(Short text fragments from websites)












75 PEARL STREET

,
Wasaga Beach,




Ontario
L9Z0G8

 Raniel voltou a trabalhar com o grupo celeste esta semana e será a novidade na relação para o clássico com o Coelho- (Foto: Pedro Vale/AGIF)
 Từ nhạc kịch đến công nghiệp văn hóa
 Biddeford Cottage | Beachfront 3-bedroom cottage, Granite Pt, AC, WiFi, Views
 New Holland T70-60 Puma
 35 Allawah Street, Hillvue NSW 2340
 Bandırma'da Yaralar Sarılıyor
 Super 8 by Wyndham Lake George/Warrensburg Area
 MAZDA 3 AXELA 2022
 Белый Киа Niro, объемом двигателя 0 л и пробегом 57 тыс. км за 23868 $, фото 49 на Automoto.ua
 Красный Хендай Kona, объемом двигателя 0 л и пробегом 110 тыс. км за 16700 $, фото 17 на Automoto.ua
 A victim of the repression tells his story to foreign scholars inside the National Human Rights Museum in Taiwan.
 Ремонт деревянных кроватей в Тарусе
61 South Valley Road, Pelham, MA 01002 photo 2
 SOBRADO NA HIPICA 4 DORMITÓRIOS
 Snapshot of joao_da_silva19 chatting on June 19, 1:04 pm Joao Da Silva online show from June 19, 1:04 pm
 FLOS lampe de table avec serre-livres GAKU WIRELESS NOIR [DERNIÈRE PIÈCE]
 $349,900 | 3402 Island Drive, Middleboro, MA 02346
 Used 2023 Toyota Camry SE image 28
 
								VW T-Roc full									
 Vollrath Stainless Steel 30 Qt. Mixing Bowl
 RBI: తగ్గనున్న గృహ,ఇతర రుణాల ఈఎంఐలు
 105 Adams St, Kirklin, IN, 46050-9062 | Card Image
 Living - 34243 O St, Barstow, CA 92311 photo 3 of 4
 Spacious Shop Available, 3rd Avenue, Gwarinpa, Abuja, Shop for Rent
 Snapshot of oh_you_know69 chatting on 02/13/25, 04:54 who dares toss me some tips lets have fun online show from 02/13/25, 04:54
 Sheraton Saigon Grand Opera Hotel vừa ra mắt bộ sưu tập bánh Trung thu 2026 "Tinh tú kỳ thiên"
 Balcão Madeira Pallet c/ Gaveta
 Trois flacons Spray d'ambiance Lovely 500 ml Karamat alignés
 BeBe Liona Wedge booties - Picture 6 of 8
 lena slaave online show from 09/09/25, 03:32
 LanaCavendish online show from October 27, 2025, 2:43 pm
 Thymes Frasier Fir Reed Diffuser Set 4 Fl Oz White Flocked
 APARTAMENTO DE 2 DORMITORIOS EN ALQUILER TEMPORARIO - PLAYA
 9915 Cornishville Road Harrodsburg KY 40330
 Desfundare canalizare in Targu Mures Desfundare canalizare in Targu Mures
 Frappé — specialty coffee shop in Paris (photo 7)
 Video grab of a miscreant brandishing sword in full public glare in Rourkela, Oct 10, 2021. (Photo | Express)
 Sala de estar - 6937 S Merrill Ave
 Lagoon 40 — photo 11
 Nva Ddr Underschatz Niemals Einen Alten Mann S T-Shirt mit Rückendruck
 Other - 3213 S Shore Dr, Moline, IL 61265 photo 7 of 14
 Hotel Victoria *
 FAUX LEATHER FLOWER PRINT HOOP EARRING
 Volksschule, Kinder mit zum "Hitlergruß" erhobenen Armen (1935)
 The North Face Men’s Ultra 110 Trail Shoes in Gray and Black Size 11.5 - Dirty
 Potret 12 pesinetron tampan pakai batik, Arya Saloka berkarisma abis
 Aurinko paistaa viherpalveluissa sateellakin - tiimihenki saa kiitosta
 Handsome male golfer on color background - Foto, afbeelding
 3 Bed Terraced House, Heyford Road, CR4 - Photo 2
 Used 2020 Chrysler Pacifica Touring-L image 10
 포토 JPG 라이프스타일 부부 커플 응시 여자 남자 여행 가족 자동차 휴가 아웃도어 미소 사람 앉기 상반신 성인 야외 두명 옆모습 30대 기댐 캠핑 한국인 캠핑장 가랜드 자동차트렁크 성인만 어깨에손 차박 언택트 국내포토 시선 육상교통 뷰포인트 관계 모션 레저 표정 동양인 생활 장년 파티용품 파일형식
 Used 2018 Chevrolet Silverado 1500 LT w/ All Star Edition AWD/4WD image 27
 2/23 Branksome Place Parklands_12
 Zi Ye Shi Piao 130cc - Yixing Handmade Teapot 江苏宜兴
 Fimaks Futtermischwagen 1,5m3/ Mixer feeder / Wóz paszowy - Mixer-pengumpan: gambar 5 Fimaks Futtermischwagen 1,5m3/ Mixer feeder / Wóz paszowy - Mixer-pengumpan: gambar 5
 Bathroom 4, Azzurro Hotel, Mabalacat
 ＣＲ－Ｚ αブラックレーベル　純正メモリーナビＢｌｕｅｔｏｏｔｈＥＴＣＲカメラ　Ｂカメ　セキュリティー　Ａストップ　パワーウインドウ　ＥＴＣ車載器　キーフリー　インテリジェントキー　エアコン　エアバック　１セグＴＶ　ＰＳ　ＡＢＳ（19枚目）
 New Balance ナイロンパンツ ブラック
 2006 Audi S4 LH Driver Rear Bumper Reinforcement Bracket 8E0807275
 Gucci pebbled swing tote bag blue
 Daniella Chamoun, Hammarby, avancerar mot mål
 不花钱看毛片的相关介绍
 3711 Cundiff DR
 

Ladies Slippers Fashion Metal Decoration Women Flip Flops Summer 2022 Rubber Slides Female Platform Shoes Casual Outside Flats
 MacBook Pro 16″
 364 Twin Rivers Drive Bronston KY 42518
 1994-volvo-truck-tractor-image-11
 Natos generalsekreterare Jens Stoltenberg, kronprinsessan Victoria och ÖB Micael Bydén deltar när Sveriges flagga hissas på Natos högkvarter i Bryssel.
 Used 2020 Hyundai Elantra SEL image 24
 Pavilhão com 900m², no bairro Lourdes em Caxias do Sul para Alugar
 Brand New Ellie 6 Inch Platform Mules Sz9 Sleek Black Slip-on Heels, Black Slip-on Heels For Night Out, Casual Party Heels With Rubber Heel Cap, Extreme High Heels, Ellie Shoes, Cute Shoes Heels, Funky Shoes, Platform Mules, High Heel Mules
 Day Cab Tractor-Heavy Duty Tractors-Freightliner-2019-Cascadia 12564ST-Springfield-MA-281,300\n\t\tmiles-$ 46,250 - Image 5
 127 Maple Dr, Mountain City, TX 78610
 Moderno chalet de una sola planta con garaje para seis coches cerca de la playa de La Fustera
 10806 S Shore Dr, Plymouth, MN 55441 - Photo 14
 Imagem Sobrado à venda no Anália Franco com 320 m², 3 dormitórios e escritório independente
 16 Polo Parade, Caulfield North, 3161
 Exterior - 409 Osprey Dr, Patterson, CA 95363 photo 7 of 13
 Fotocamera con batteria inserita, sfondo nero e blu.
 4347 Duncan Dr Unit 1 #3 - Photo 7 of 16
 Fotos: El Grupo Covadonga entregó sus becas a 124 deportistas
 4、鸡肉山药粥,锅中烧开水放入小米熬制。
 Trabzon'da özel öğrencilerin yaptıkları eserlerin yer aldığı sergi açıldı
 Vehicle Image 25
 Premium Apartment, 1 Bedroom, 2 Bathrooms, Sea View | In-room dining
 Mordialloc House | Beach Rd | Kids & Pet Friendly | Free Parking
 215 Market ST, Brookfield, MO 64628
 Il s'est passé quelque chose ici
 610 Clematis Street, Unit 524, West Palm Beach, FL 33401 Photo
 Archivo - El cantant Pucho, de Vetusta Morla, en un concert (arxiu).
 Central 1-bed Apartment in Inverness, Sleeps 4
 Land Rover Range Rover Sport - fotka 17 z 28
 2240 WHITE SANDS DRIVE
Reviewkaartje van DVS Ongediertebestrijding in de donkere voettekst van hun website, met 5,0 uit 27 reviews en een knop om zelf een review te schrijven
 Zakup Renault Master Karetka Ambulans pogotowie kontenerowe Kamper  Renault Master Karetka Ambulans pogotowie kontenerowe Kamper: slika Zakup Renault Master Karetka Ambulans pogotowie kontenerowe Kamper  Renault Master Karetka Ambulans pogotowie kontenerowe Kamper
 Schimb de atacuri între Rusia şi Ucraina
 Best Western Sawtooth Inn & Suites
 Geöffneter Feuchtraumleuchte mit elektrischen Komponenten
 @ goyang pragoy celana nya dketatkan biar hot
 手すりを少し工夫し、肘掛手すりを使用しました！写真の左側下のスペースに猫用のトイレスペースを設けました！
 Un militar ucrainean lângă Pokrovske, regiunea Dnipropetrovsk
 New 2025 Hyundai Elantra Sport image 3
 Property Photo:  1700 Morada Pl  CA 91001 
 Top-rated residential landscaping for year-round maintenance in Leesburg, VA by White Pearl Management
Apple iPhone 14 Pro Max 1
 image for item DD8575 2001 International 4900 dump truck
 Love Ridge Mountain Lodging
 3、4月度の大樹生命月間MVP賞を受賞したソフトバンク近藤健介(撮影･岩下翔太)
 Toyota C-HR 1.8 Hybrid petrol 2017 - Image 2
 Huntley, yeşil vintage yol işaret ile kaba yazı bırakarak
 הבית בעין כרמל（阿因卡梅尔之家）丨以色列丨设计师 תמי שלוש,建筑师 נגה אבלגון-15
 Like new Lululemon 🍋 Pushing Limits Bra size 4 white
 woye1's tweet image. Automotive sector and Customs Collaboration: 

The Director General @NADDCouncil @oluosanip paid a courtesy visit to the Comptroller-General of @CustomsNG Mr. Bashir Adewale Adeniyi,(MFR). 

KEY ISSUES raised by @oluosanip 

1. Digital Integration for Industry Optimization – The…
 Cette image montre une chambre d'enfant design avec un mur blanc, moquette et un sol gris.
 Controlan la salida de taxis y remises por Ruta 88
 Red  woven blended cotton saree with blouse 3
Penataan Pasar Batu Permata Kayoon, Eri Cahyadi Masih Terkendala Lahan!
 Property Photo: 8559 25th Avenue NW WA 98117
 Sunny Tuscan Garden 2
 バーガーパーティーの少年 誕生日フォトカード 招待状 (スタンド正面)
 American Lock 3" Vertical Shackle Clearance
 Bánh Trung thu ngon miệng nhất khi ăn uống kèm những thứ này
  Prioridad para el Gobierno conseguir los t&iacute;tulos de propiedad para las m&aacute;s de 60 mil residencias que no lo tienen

## What you should do
Reproduce only the lines above, starting at the line with "Moderno chalet de" and ending at the line with "Geöffneter Feuchtraumleuchte mit", exactly as written.

## Answer to this task
 Moderno chalet de una sola planta con garaje para seis coches cerca de la playa de La Fustera
 10806 S Shore Dr, Plymouth, MN 55441 - Photo 14
 Imagem Sobrado à venda no Anália Franco com 320 m², 3 dormitórios e escritório independente
 16 Polo Parade, Caulfield North, 3161
 Exterior - 409 Osprey Dr, Patterson, CA 95363 photo 7 of 13
 Fotocamera con batteria inserita, sfondo nero e blu.
 4347 Duncan Dr Unit 1 #3 - Photo 7 of 16
 Fotos: El Grupo Covadonga entregó sus becas a 124 deportistas
 4、鸡肉山药粥,锅中烧开水放入小米熬制。
 Trabzon'da özel öğrencilerin yaptıkları eserlerin yer aldığı sergi açıldı
 Vehicle Image 25
 Premium Apartment, 1 Bedroom, 2 Bathrooms, Sea View | In-room dining
 Mordialloc House | Beach Rd | Kids & Pet Friendly | Free Parking
 215 Market ST, Brookfield, MO 64628
 Il s'est passé quelque chose ici
 610 Clematis Street, Unit 524, West Palm Beach, FL 33401 Photo
 Archivo - El cantant Pucho, de Vetusta Morla, en un concert (arxiu).
 Central 1-bed Apartment in Inverness, Sleeps 4
 Land Rover Range Rover Sport - fotka 17 z 28
 2240 WHITE SANDS DRIVE
Reviewkaartje van DVS Ongediertebestrijding in de donkere voettekst van hun website, met 5,0 uit 27 reviews en een knop om zelf een review te schrijven
 Zakup Renault Master Karetka Ambulans pogotowie kontenerowe Kamper  Renault Master Karetka Ambulans pogotowie kontenerowe Kamper: slika Zakup Renault Master Karetka Ambulans pogotowie kontenerowe Kamper  Renault Master Karetka Ambulans pogotowie kontenerowe Kamper
 Schimb de atacuri între Rusia şi Ucraina
 Best Western Sawtooth Inn & Suites
 Geöffneter Feuchtraumleuchte mit elektrischen Komponenten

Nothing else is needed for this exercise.